DATA SHOWN:
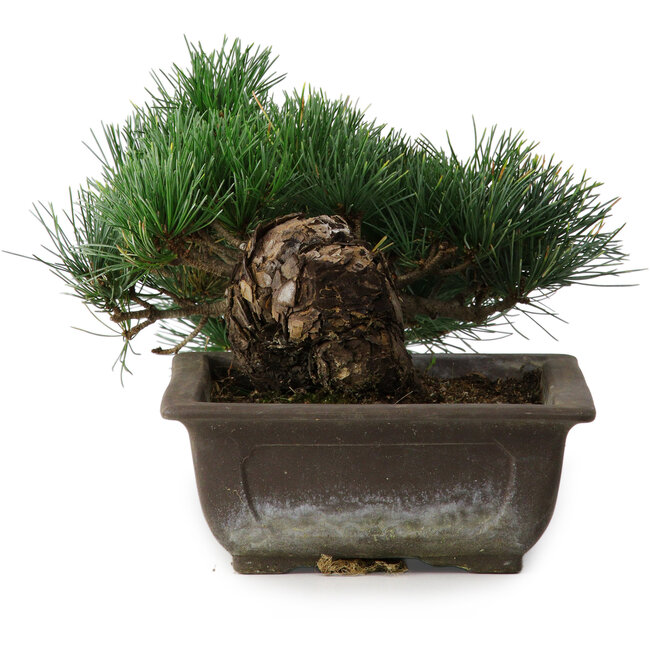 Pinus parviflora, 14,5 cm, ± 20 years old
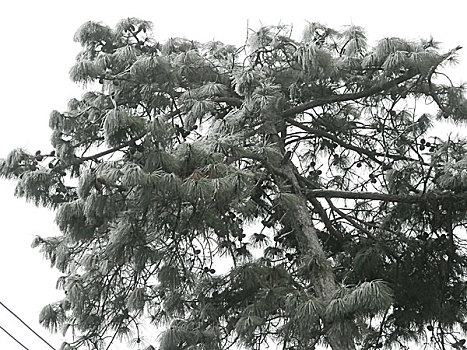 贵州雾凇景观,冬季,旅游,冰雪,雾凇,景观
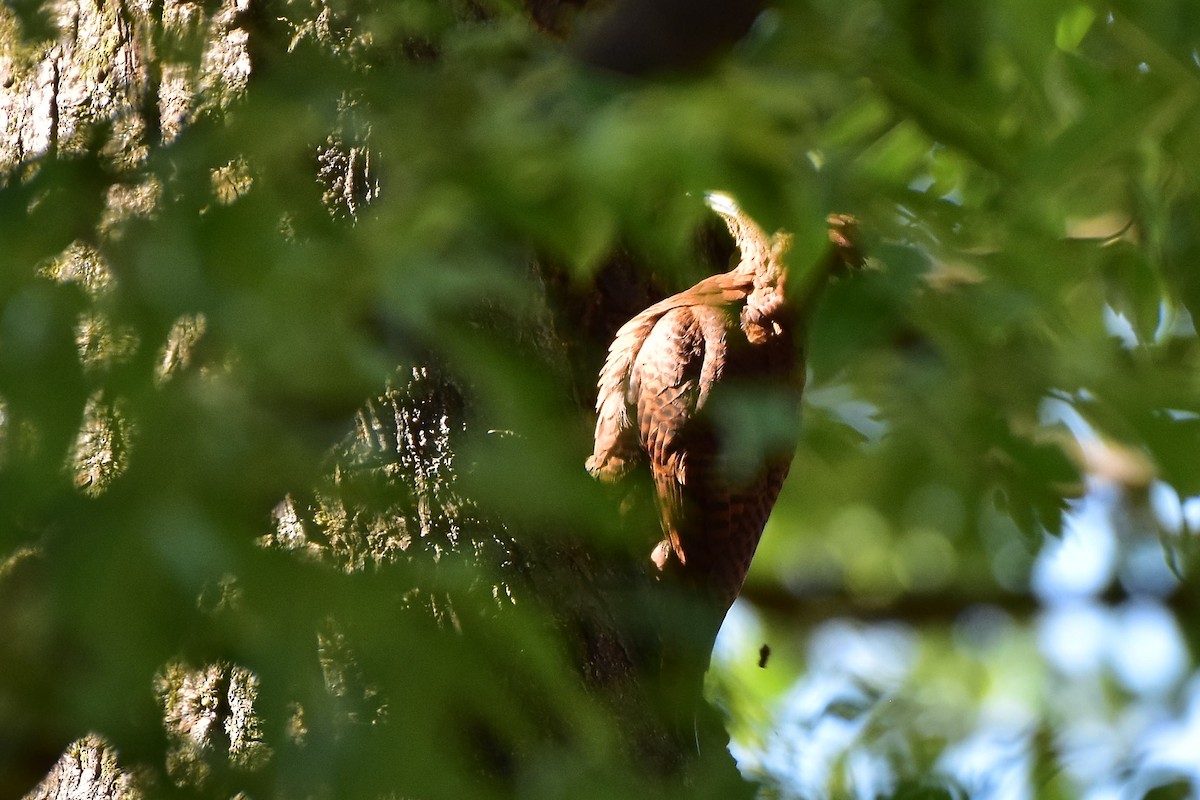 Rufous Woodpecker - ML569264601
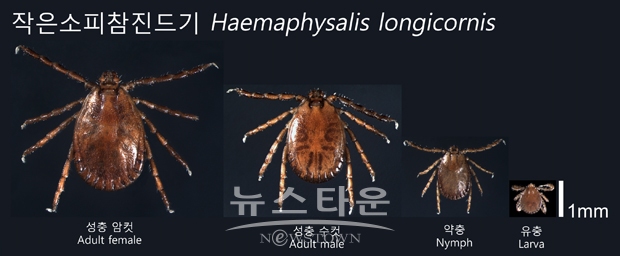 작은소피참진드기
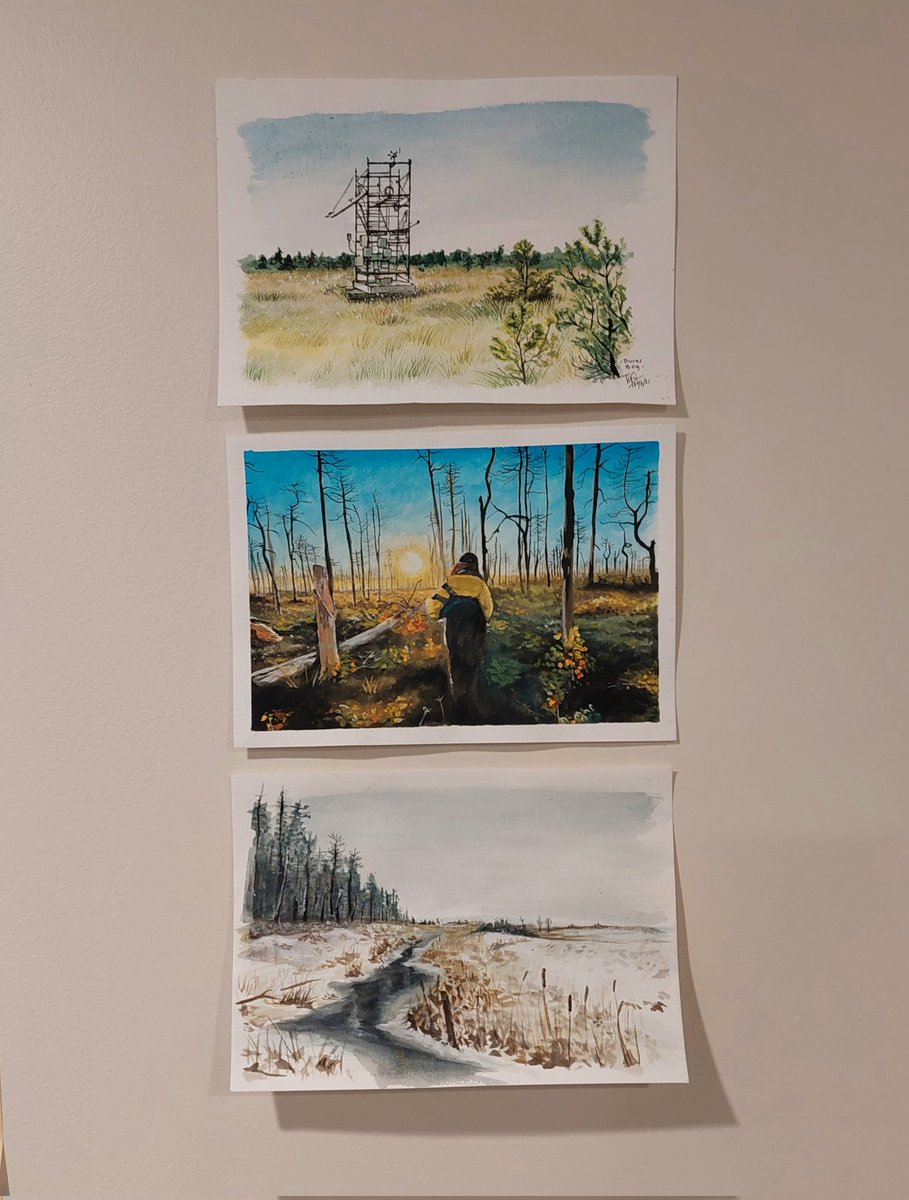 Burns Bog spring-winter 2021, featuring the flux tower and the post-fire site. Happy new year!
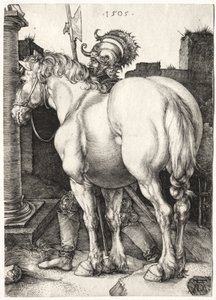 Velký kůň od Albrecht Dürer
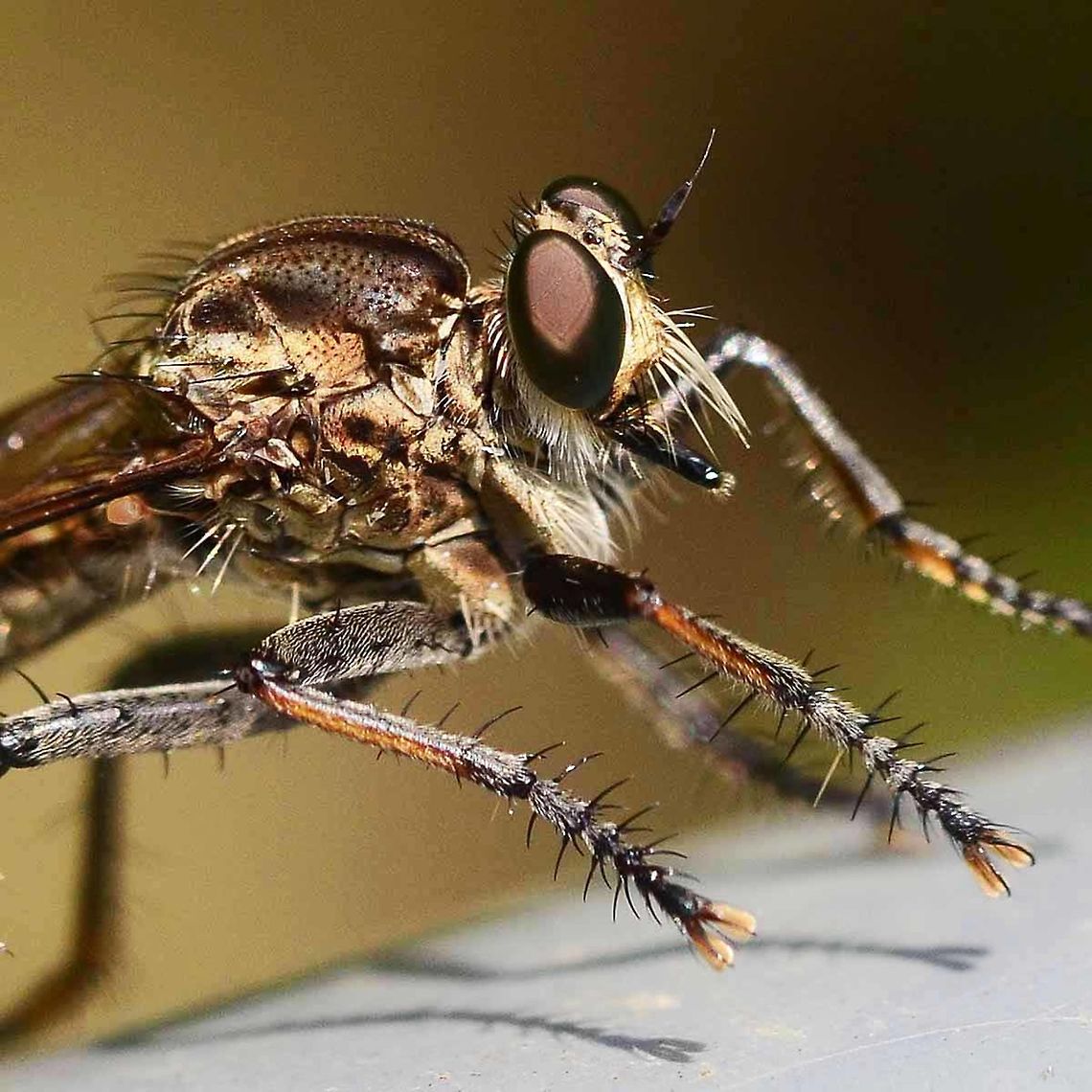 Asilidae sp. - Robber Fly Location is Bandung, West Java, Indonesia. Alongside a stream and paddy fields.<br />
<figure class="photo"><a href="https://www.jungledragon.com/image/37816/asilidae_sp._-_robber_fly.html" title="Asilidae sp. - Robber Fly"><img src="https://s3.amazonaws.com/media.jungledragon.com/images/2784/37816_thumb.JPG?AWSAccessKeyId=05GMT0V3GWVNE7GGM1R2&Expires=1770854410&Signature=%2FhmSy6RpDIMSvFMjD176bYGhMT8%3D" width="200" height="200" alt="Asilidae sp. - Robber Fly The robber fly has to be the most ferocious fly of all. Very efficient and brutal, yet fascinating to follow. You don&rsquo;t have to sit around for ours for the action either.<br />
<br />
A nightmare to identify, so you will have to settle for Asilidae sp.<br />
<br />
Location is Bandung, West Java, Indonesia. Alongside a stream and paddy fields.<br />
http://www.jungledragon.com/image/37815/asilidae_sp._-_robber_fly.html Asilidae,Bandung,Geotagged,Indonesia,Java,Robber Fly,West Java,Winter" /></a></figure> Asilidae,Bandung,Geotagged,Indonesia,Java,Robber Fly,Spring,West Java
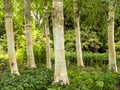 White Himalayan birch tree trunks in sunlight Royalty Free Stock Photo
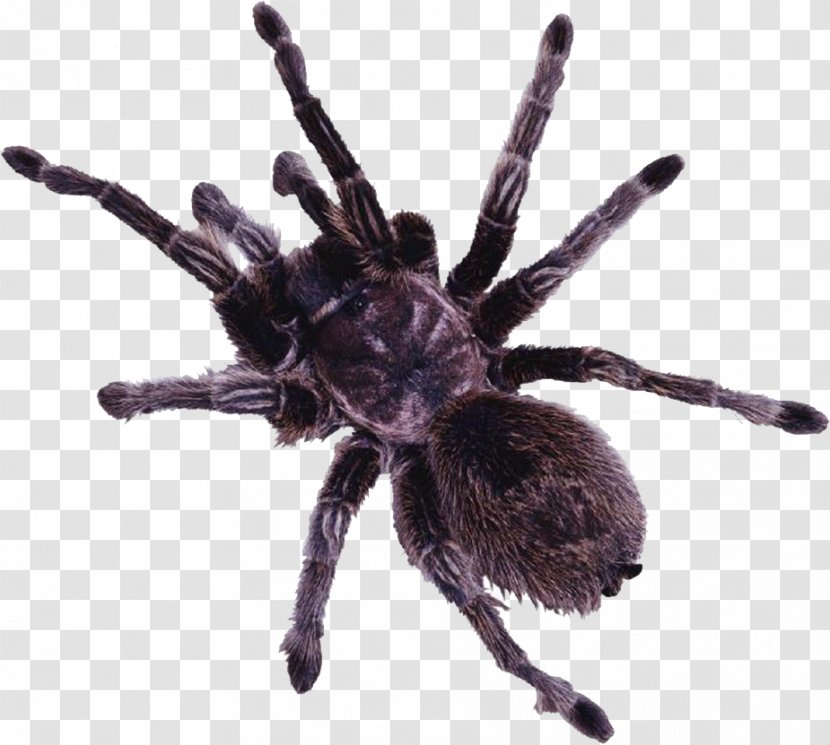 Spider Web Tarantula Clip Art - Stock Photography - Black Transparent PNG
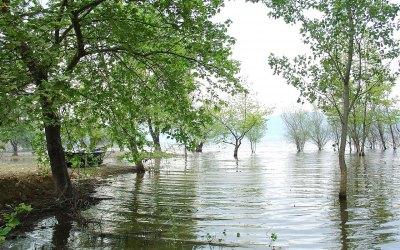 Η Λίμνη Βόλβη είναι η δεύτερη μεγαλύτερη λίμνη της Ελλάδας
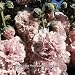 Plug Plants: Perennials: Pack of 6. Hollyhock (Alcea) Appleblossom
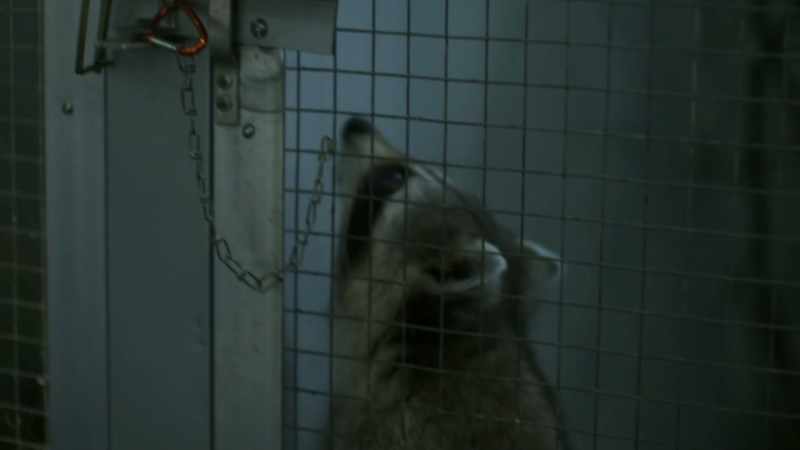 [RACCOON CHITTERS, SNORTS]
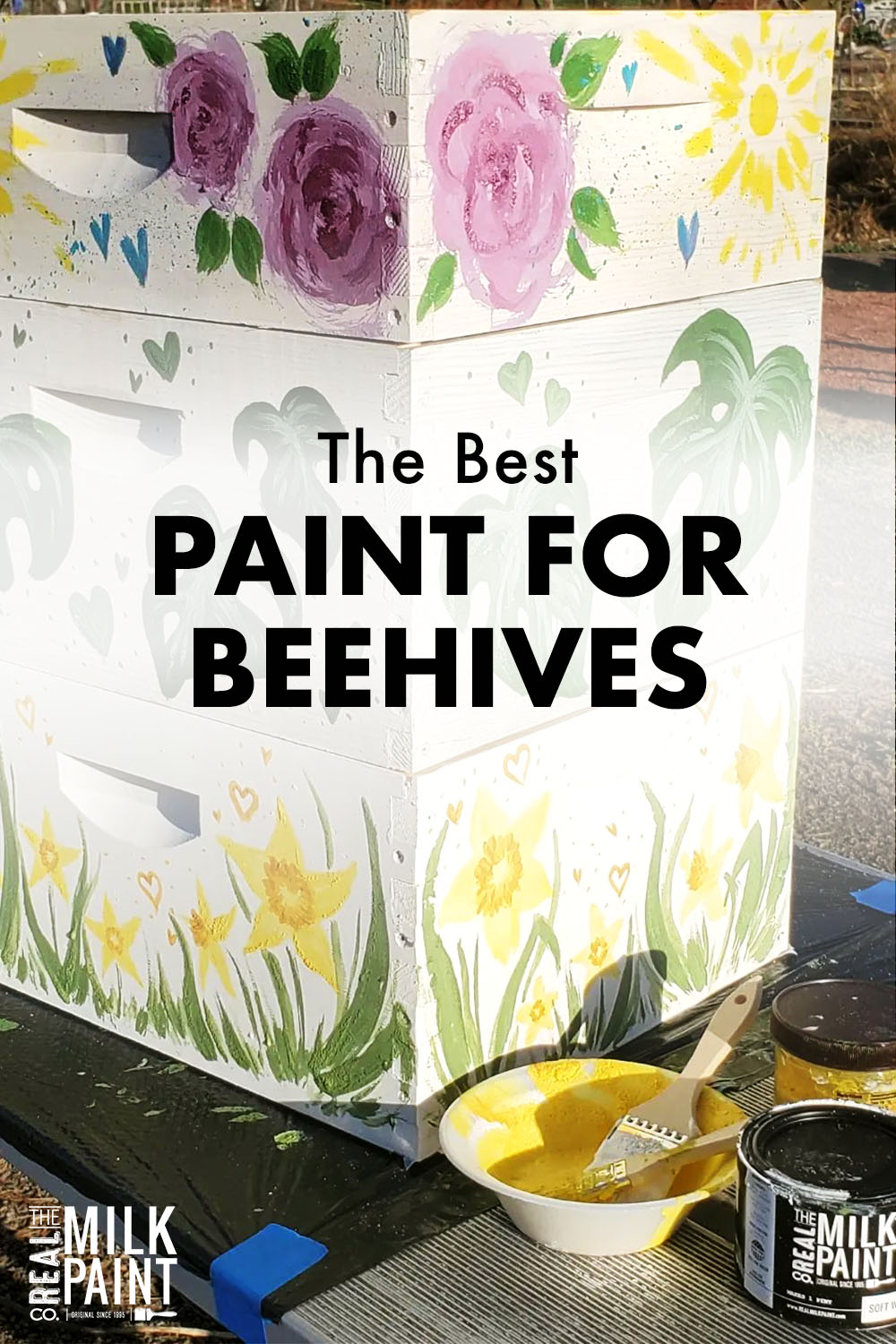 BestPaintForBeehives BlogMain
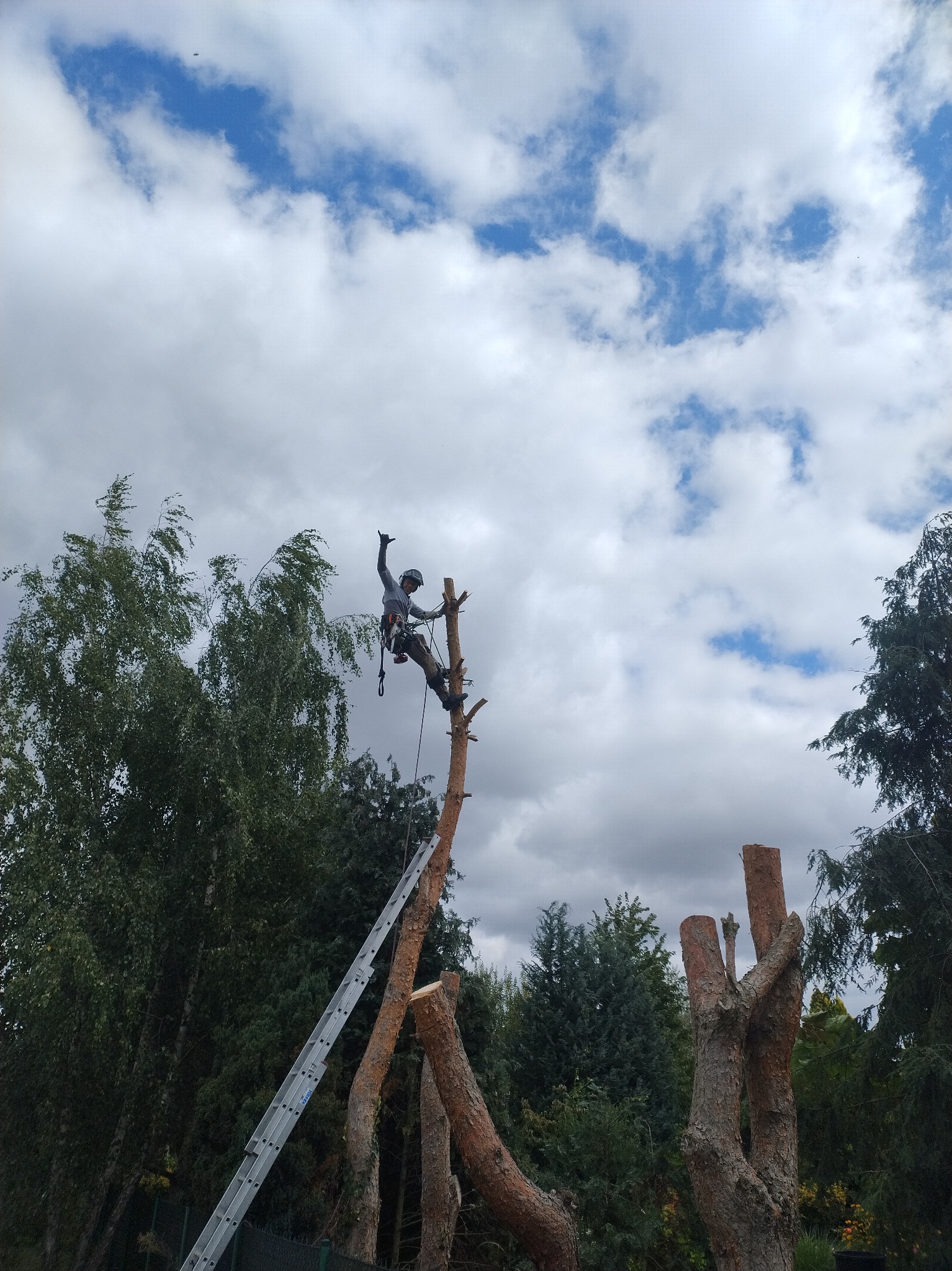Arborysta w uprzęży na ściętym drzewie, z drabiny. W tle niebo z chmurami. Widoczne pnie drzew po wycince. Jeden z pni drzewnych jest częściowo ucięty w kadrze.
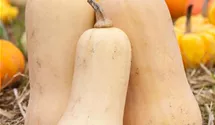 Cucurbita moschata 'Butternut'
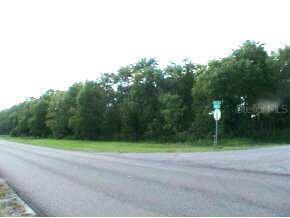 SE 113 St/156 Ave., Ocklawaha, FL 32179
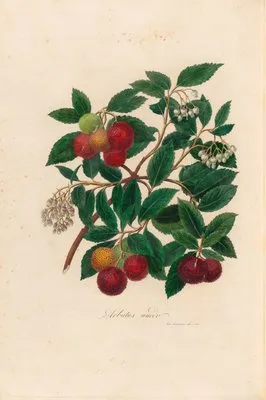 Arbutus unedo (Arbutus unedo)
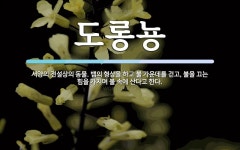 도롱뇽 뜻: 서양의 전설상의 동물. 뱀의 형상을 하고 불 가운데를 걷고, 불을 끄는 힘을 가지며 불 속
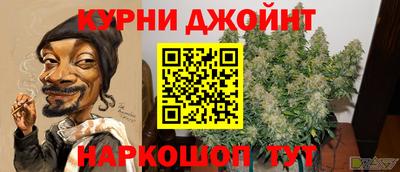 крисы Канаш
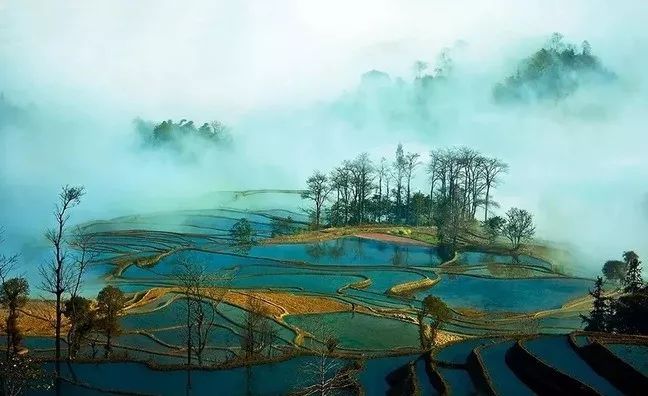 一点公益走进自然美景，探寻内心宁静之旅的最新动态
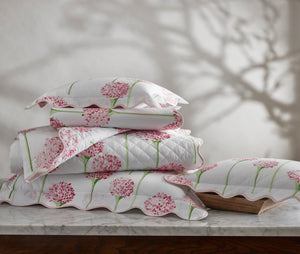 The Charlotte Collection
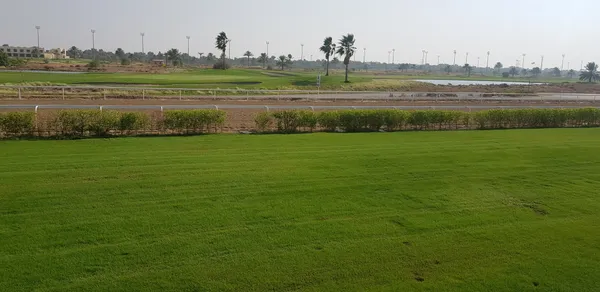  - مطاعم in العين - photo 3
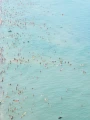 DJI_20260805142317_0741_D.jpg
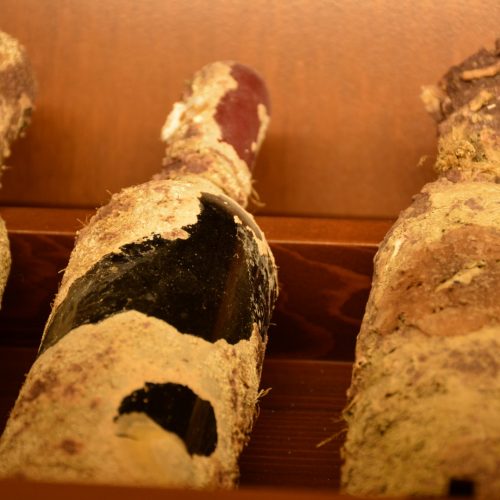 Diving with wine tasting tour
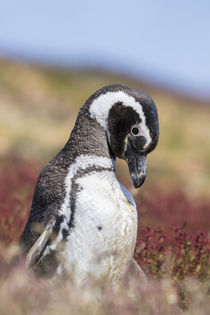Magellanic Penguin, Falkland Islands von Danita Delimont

WORK ORDER: Exact repeat of the material above: every line from the one with "Η Λίμνη Βόλβη" through the one with "Arborysta w uprzęży", endpoints included, and nothing more. No pictures.

RESULT BELOW:
 Η Λίμνη Βόλβη είναι η δεύτερη μεγαλύτερη λίμνη της Ελλάδας
 Plug Plants: Perennials: Pack of 6. Hollyhock (Alcea) Appleblossom
 [RACCOON CHITTERS, SNORTS]
 BestPaintForBeehives BlogMain
Arborysta w uprzęży na ściętym drzewie, z drabiny. W tle niebo z chmurami. Widoczne pnie drzew po wycince. Jeden z pni drzewnych jest częściowo ucięty w kadrze.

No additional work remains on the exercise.